Last December, I made a new friend through an old friend. As we were talking, he mentioned he worked for Shout! Factory. I replied, “As in Shout! Factory that is putting out awesome classic films and TV shows onto DVD and BluRay???”
And so, over beer and wings, forged a new relationship. One where I would ask him to send me awesome Blu-Rays to review, and then a few days later, they would show up at my door.
First up? One of my all time favorites, They Live. Just like most of my adolescent and formative years of enjoying genre films, my older brother took me to see this film back in 1988. Having an older brother that can and is willing to get you into R-Rated movies is one of life’s true miracles.
I will preface this entire review by saying that John Carpenter is one of the greatest cinematic storytellers ever.
I blow off the notion that he is somehow a “B” movie director. In fact, I find it offensive. That notion is far from the truth. While his movies may be dressed up in “B” style genre, his stories and characters are so much smarter than the category his films are placed in. His storytelling is lean, without unnecessary flourishes. His heroes are smart and resourceful. Look at Laurie Strode and R.J. MacReady – everyday people, usually outsiders, forced into a situation that requires first time heroism. Even Snake Plissken with his eye patch, gruff voice and “F the world attitude”, is a caring human being, he has many sides. And to that end, when Carpenter’s heroes make mistakes, they are human ones not dumb ones. And they almost always question authority, something Carpenter admits he does himself. This theme is often at the core of his films.
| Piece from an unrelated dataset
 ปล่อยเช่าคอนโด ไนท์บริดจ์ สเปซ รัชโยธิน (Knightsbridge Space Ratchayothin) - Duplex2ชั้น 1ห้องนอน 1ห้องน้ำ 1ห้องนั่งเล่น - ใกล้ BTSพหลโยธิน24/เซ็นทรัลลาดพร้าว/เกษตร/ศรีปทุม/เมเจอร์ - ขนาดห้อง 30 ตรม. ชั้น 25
Which brings us to John Nada, played by Roddy Piper. Working class drifter, living on the streets trying to earn a dollar, who discovers the world he knows – the world he has had “patience with” – is all a lie. He makes a friend in Keith David (most recently seen in Cloud Atlas) and the two are hurled into a conspiracy adventure that reveals the true nature of human greed. Ironically enough, They Live, while certainly finding its underlying context in the 80s Reagan era, is almost MORE accurate now then it was in 1988.
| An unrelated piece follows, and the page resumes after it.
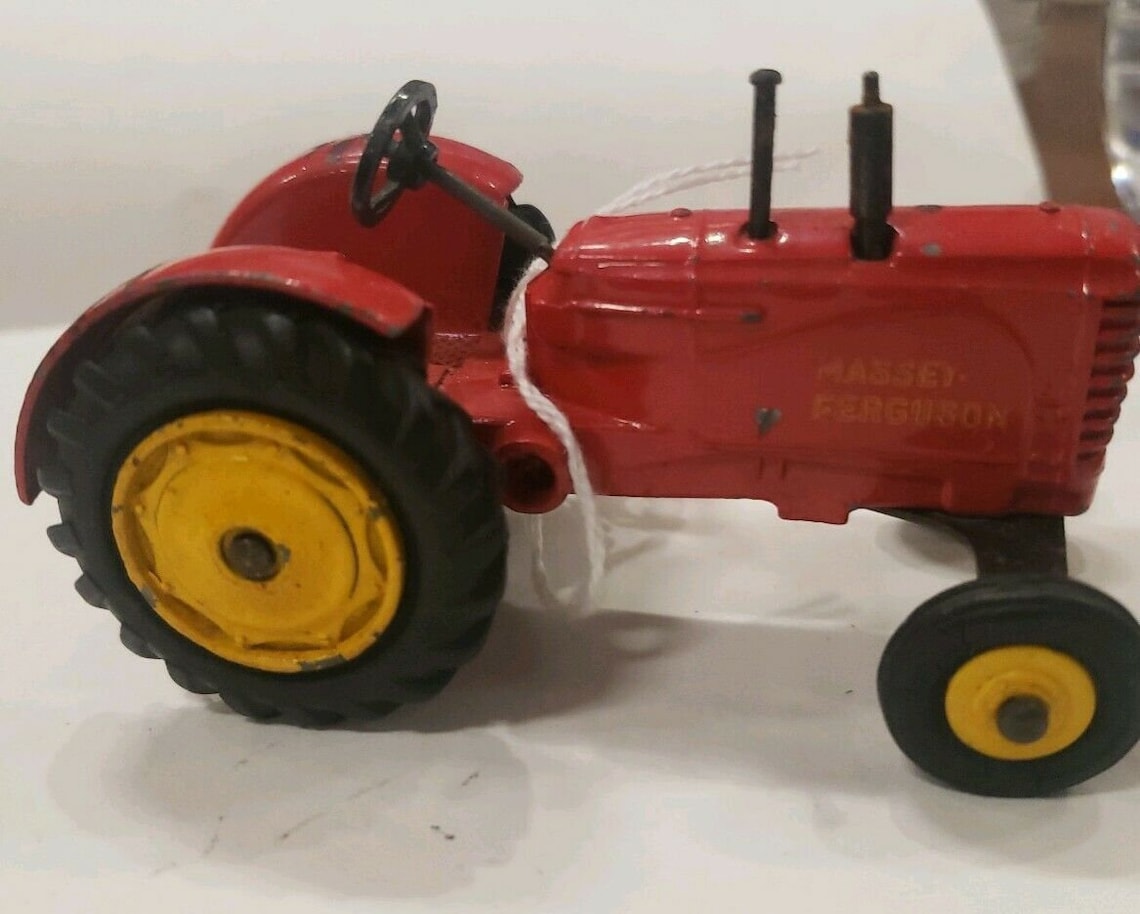 Dinky Toys No 27a (300) Massey Harris mit Anhänger 27g (342) | Kaufen auf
I’m not going to get into great detail with the plot. So for long time fans OR first time viewers, this Blu-Ray is the version you’ll want to own.
The disc SHINES with extras. There are a bunch of new interviews and I watched them all. The Carpenter interview was great, as usual. He’s just a wealth of fascinating information and sharp wit. There are also interviews with Keith David and Meg Foster that were both really interesting. Jeff Imada (the stunt coordinator), Alan Howarth (composer) and Gary Kibbe (D.P) get some interview screen time discussing their experience. Of course, EVERYONE talks about the big brawl between Piper and David, and it’s pretty funny stuff.
The audio commentary is probably from an older DVD. It has Carpenter and Piper together and they talk about not having seen the film since it came out…12 years ago. So, that puts the commentary around the year 2000. They also talk about what Randy Savage has been up to lately, so….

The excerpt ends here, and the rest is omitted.